This post provides detailed instructions on how to deploy Kubeflow on Oracle Cloud Infrastructure Container Engine for Kubernetes.
Container Engine for Kubernetes is a fully managed, scalable, and highly available service that you can use to deploy your containerized applications to the cloud. You can use this service when your development team wants to reliably build, deploy, and manage their cloud native applications. You just specify the compute resources that your applications require, and Container Engine for Kubernetes provisions them on Oracle Cloud Infrastructure automatically.
Kubeflow is an open-source project that makes the deployment and management of machine learning workflows on Kubernetes easy, portable, and scalable. Kubeflow automates the deployment of TensorFlow on Kubernetes. TensorFlow provides a state-of-the-art machine learning framework, and Kubernetes automates the deployment and management of containerized applications.

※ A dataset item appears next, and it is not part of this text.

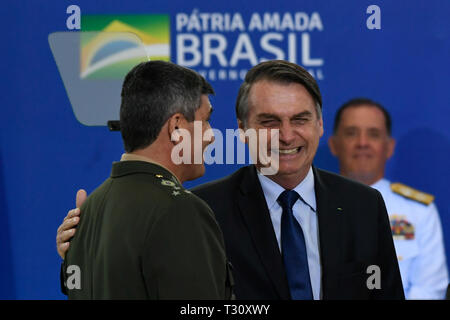 DF - Brasilia - 19/12/2019 - Christmas Cantata - Jair Bolsonaro, President  of the Republic, accompanied by Michelle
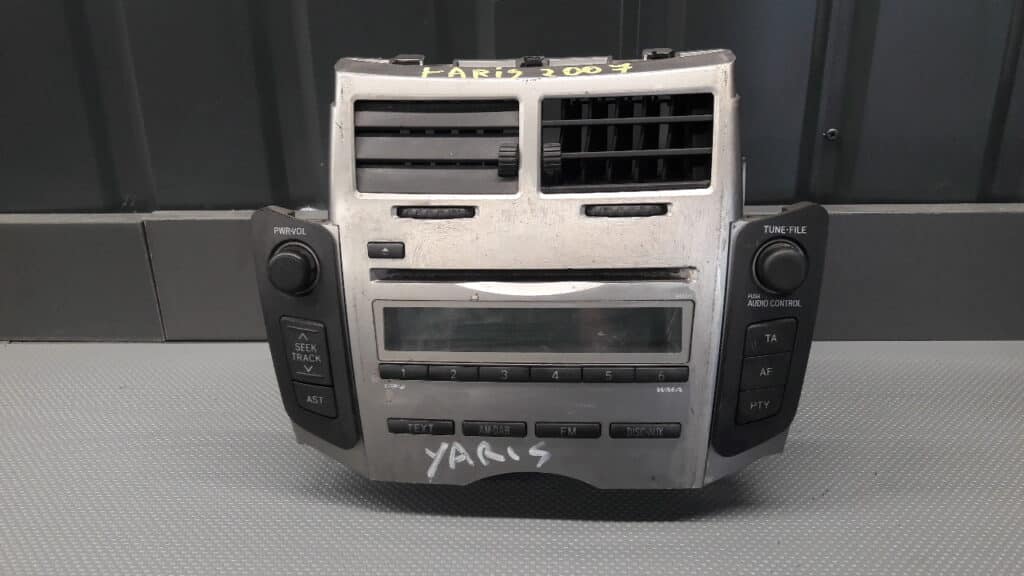 86120-0D490 Radio CD Toyota Yarsi II 09R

Create a Kubernetes cluster with Container Engine for Kubernetes. You can create this cluster manually by using the Oracle Cloud Infrastructure Console or automatically by using Terraform and the SDK.
For better performance, we recommend using a bare metal compute shape to create nodes in your node pools. Choose the right compute shape and number of nodes in the node pools, depending on the size of your data-set and on the compute capacity needed for your model training.

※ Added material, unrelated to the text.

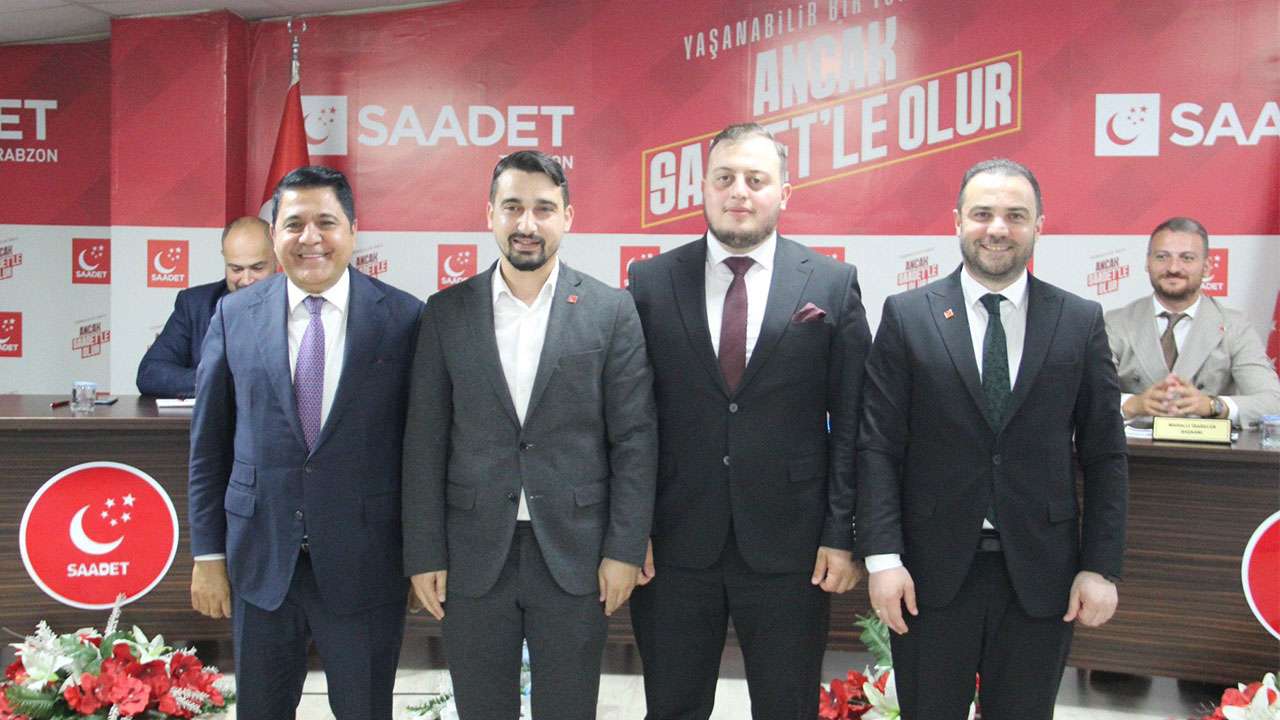 Trabzon'da gençlik kollarında değişim! Yeni başkan göreve başladı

As an example, the following node pool was created with the BM.DenseIO1.36 shape which has 36 OCPUs and 512 GB memory.
Container Engine for Kubernetes creates a Kubernetes "kubeconfig" configuration file that you use to access the cluster using kubectl and Kubernetes Dashboard.
Download the Kubernetes configuration file of the cluster that you just created. This configuration file is commonly known as a kubeconfig file for the cluster.
At this point, you can use kubectl or the Kubernetes dashboard to access the cluster.
Please note that after your run "kubectl proxy" command, you need to use following URL to access the Kubernetes dashboard.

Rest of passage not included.